The film then becomes one about a disability, of course, but in most ways, it avoids the cliches of such a genre. Yes, Ruben is stubborn and hostile, and there’s a big scene where he trashes his RV (Surprise, surprise!), but mostly, the clever story avoids the tried and true. In fact, the script by Marder and Abraham Marder (also the film’s composer), from a story by Derek Cianfrance, continually zigs when most other such films would have zagged.

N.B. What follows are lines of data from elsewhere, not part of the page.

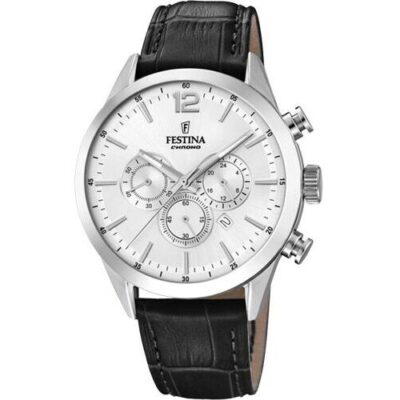 Festina Watches F20542/1 (F20542_1) Unisex WATCHES
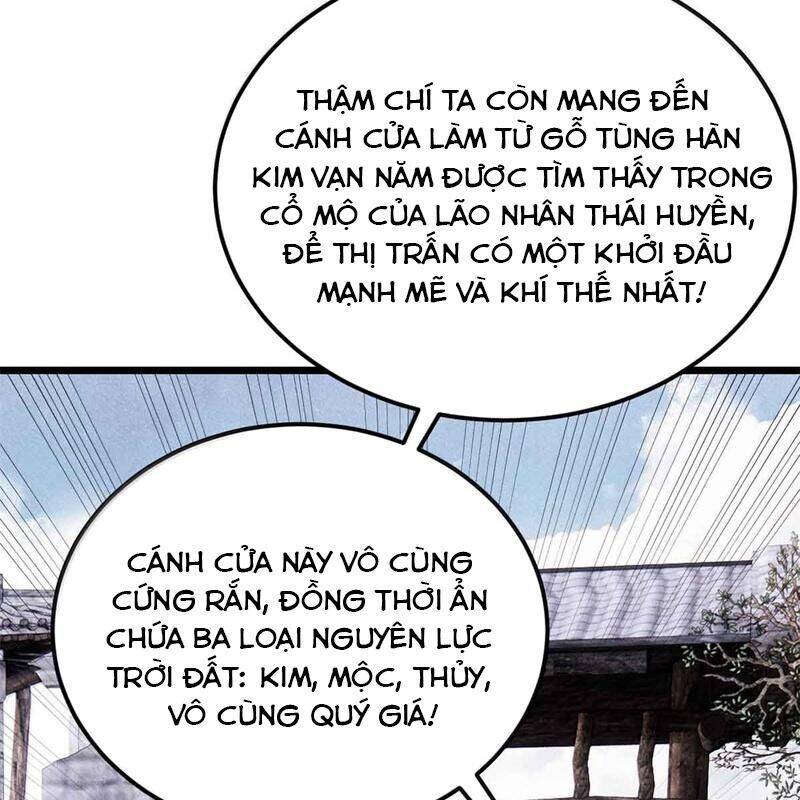 Vạn Cổ Tối Cường Tông Chap 387 - Next Chap 388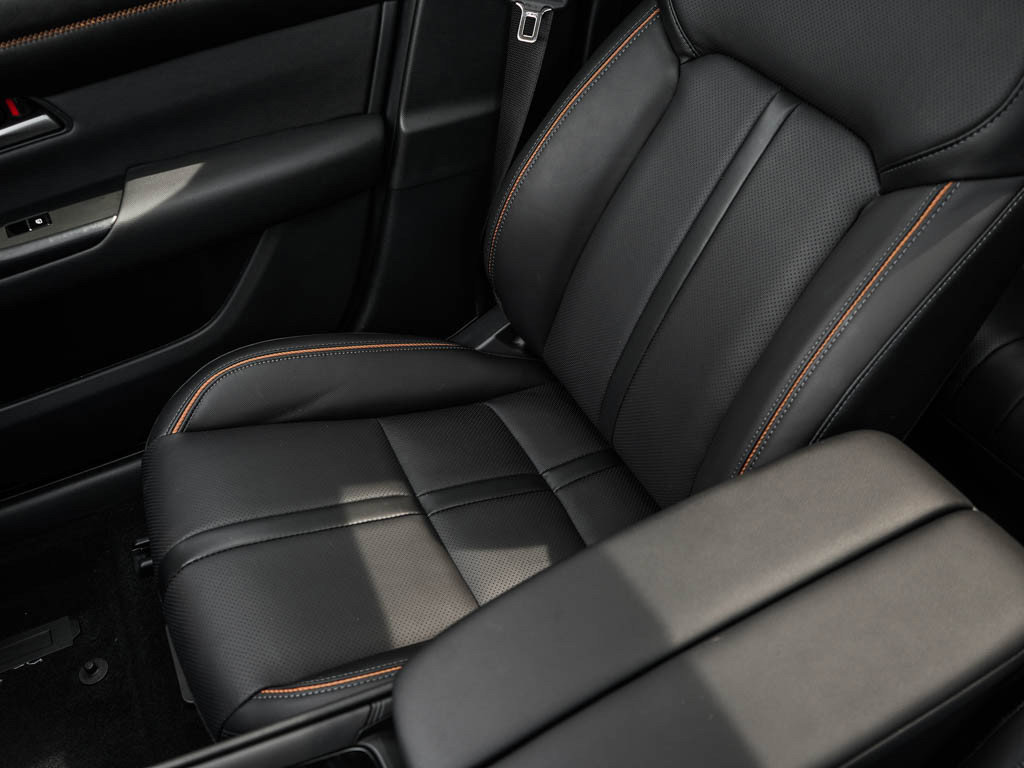 New 2026 MAZDA CX-50 AWD 2.5 S w/ Premium Package image 26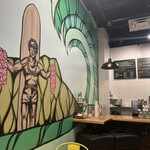 Nalu Health Bar & Café - 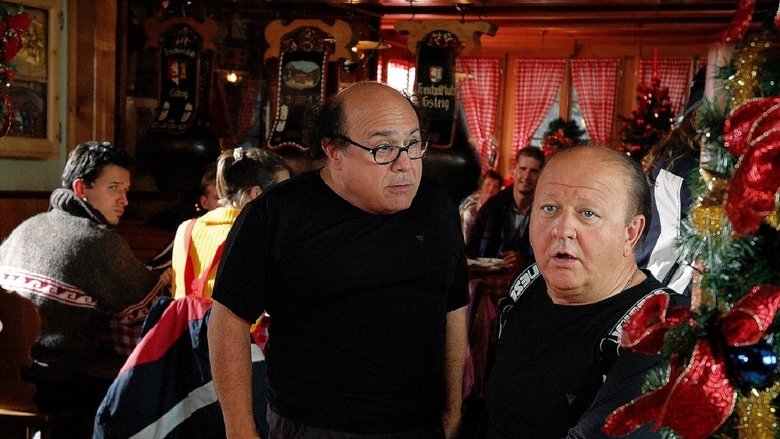 кадр из фильма Christmas in Love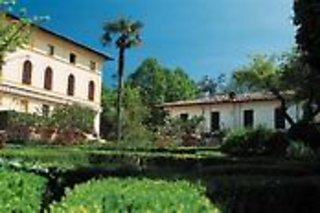 Hotel Villa Scacciapensieri - Siena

For starters, Lou is not a selfish harpy obsessed with her career. Instead, she’s a centered young woman who wants what is best for Ruben. (Few actresses can play earnest as well as Cooke can.) Additionally, Joe, the leader of the deaf community who takes Ruben under his wing, isn’t a typical hardass-type practicing “tough love.” He’s a sensitive sage with the patience of Job, and Paul Raci makes the most of a great part. And when Ruben is amongst the deaf community, Marder resists having most of the conversations both signed and simultaneously spoken. He keeps us out of sorts throughout, never letting us get too comfortable.
The filmmaker cleverly does that with the soundtrack too. Sometimes we hear things just fine, amplifying the objective POV of the story. Other times, we’re stuck in stillness, the quiet as disorienting to us as it is to Ruben. The film ultimately becomes less about climbing back onto the horse, in this case, his musical career, and more about learning to ride a different animal altogether. Even when he teaches his classmates some basics about drumming, it has less to do with artistic expression and more to do with understanding how rhythm works.

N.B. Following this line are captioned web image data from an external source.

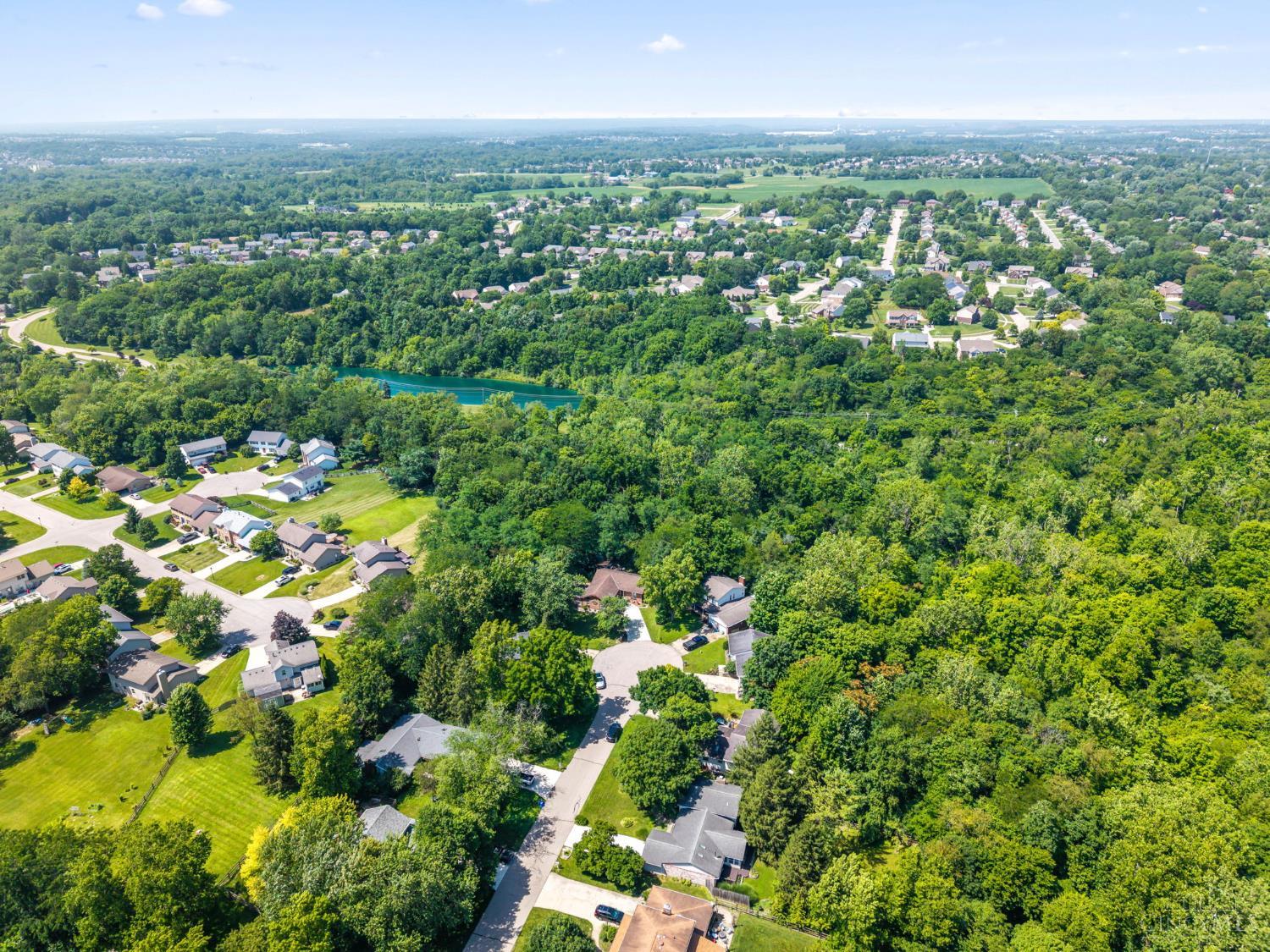 6553 Gretel Court, Liberty Twp, OH, 45044 — photo 45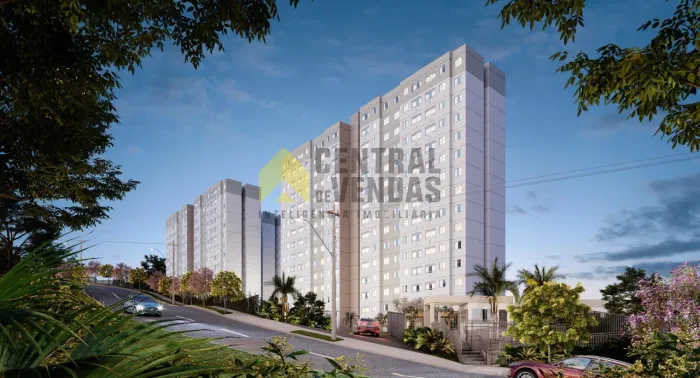 ALAMEDA DOS PASSAROS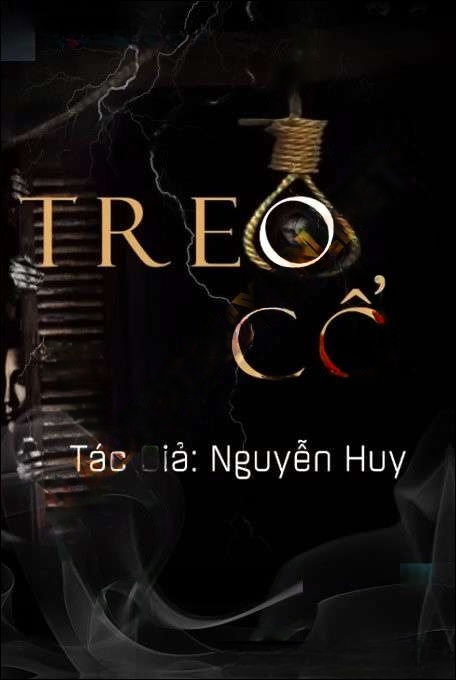Treo C.ổ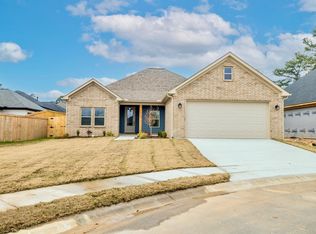 4005 Doler Cv, Benton, AR 72019
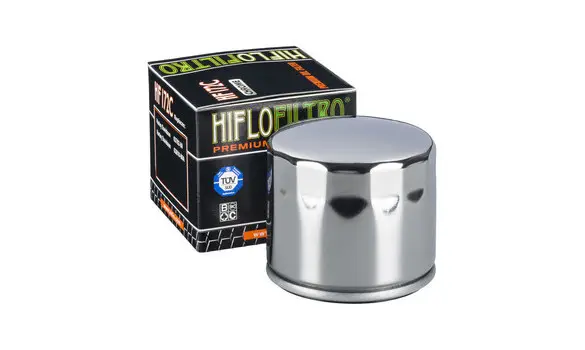 Filtro Aceite HF172C Harley FLH 1430 Cro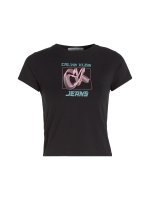Vorschau: CALVIN KLEIN JEANS T-Shirt 10716582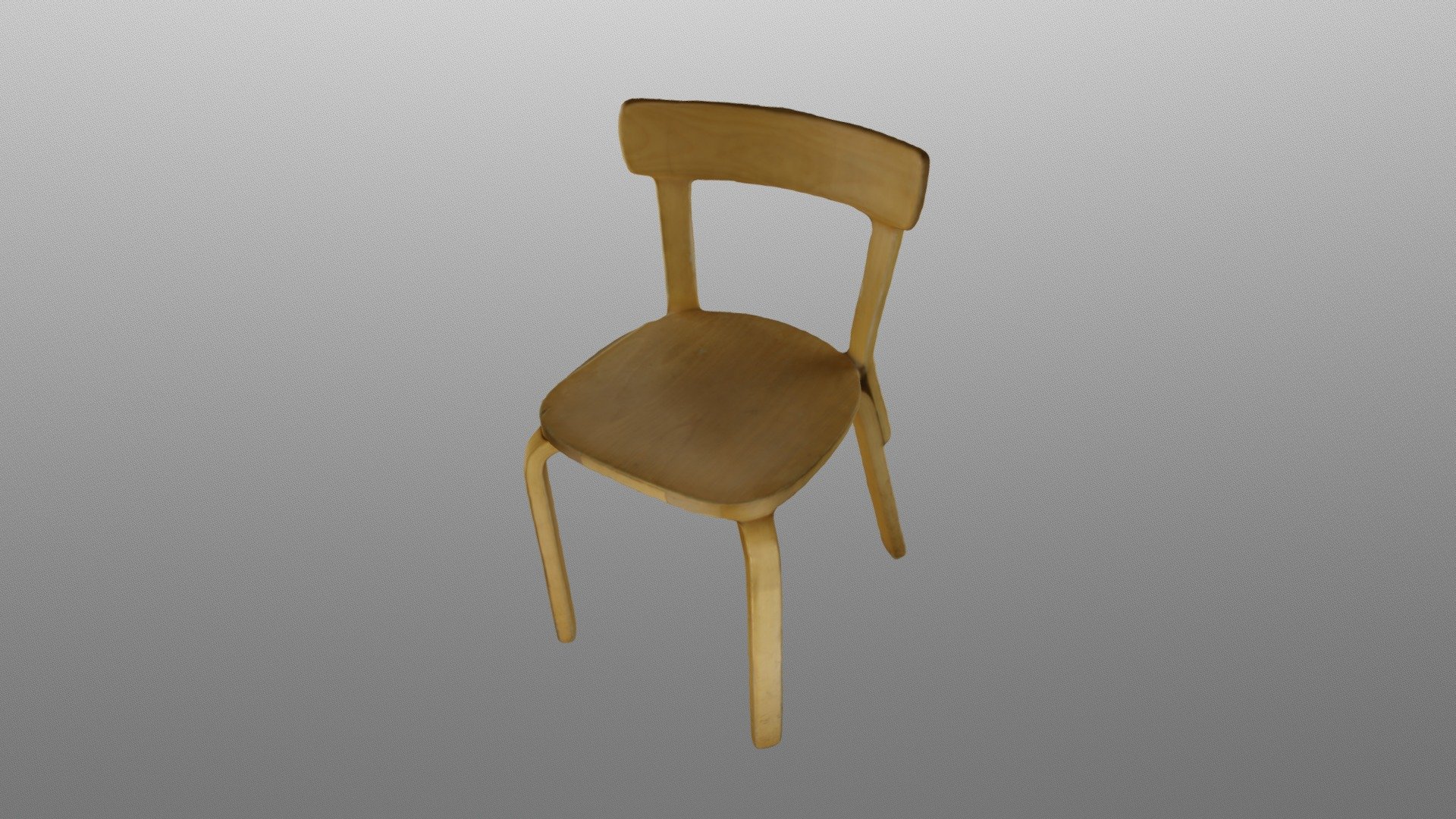 Chair test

Despite such sobering subject material, Marder infuses moments throughout with keen wit. Ruben’s RV has a metal exterior, of course. When he draws a nude tattoo design for a fellow student, they banter about the limitations of a woman who shaves all her pubic hair. And when Ruben treks to Europe in the third act, director Marder dials up the cranky street noises, such as blaring cop car sirens, forcing us to wince at the abruption. The director has immersed us so fully into Ruben’s world; he’s got us recoiling from noises we’d barely give a second thought to before.

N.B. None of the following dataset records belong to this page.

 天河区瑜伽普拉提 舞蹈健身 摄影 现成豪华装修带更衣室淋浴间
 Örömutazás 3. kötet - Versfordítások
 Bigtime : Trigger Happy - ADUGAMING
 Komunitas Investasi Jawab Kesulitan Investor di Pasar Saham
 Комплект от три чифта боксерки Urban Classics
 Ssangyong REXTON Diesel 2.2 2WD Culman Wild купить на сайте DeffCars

Throughout, SOUND OF METAL manages to move without becoming treacly. Nuanced parts are played well by a host of good actors, including acclaimed Frenchman Mathieu Amalric and deaf actress Lauren Ridloff, recently Tony-nominated for her Broadway role in the CHILDREN OF A LESSER GOD revival. Ahmed especially amazes, running the gamut from panic to pleasure in his part, yet never begging us to pity Ruben. It’s accomplished work, right up there with his Emmy-winning turn on HBO’s THE NIGHT OF.
In a movie year when audiences have been thrown off-guard by not being able to visit theaters, SOUND OF METAL fits right in. Like the film’s main character, we, too, have been placed reluctantly in uncharted territory and have learned to make the most of it. And with worthy films like this one at our disposal, a smaller screen doesn’t seem like that much of an impediment at all.